[Data below]
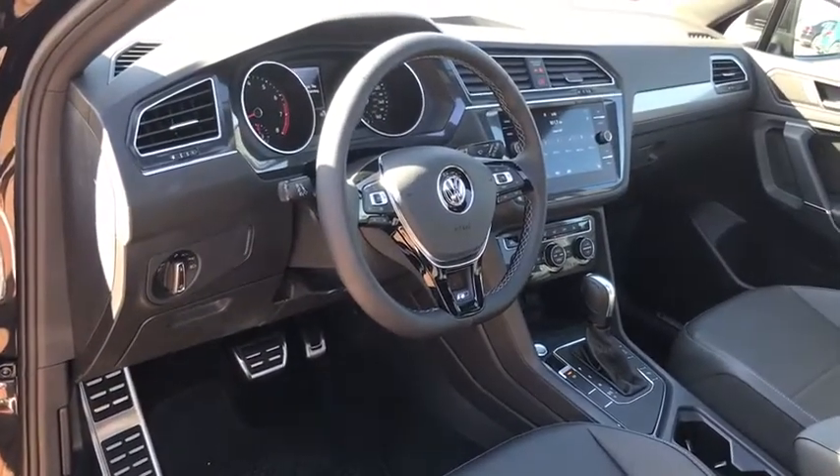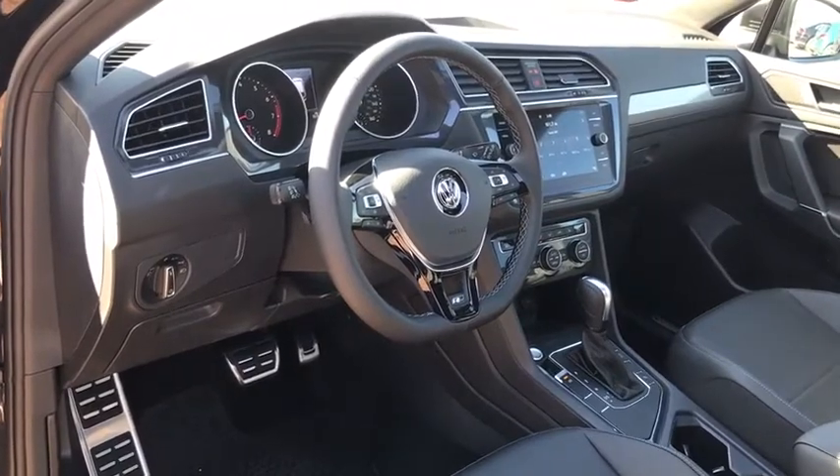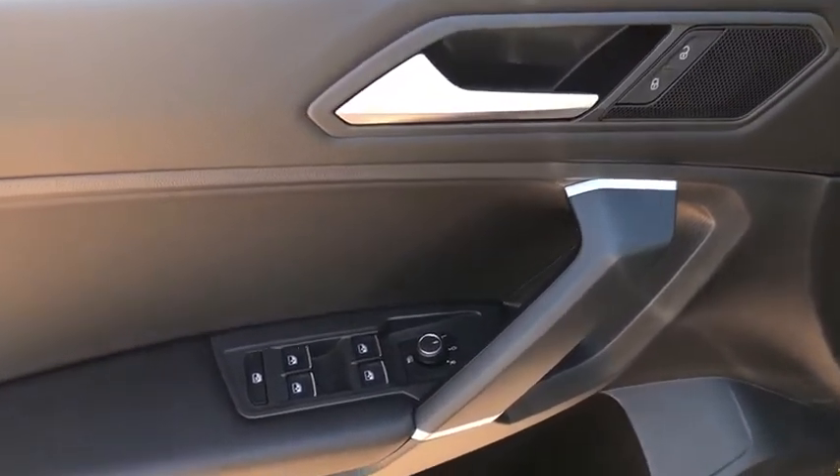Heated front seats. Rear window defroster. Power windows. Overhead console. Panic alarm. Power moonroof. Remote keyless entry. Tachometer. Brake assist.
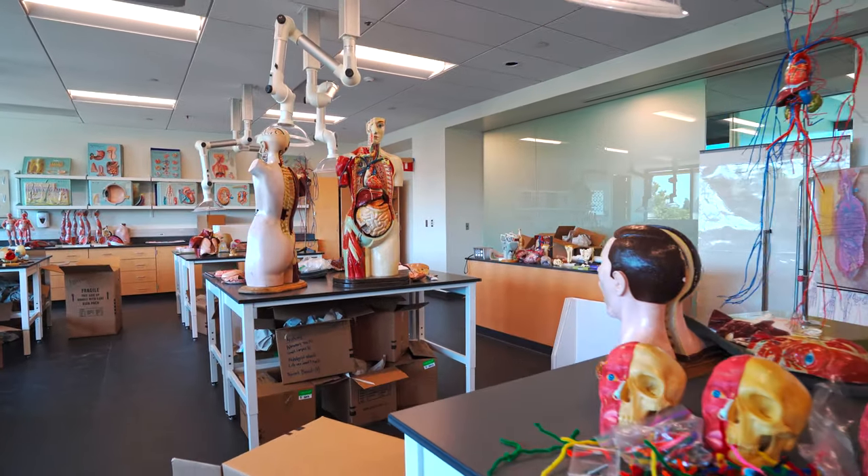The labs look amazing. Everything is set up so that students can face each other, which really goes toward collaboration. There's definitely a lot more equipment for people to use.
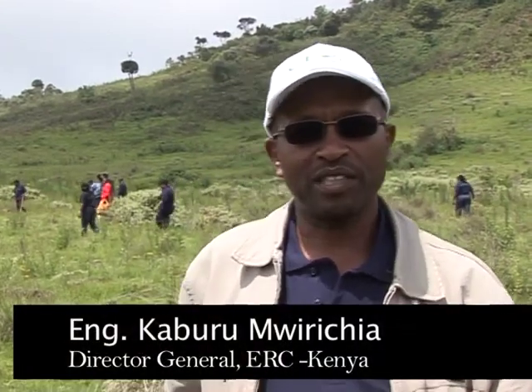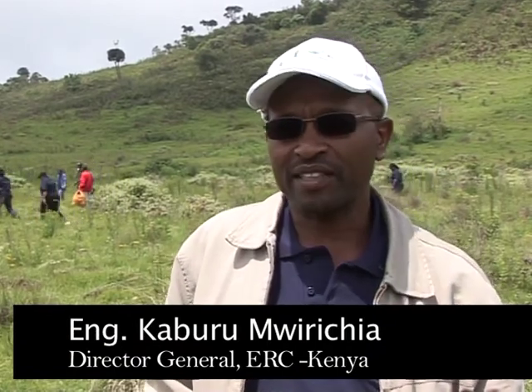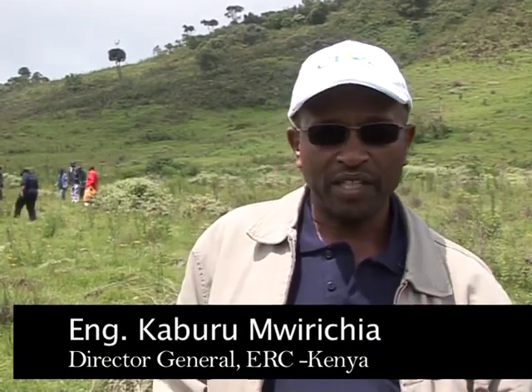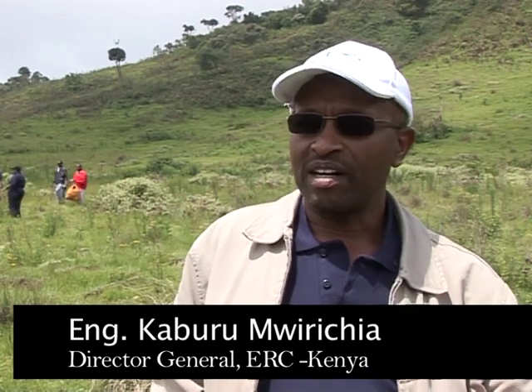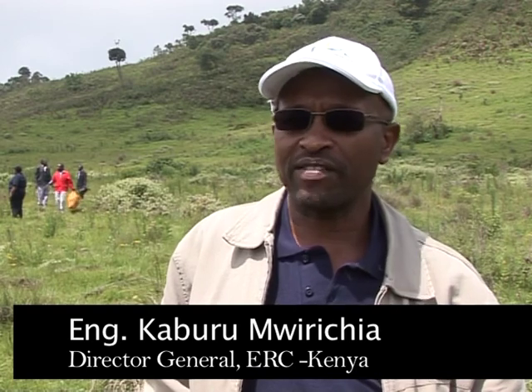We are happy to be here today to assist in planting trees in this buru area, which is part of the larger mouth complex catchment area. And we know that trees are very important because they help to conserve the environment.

[Aim of the exercise]
Exact copy, no images: rewrite the entire listing above.

[Result for this task]
Heated front seats. Rear window defroster. Power windows. Overhead console. Panic alarm. Power moonroof. Remote keyless entry. Tachometer. Brake assist.
The labs look amazing. Everything is set up so that students can face each other, which really goes toward collaboration. There's definitely a lot more equipment for people to use.
We are happy to be here today to assist in planting trees in this buru area, which is part of the larger mouth complex catchment area. And we know that trees are very important because they help to conserve the environment.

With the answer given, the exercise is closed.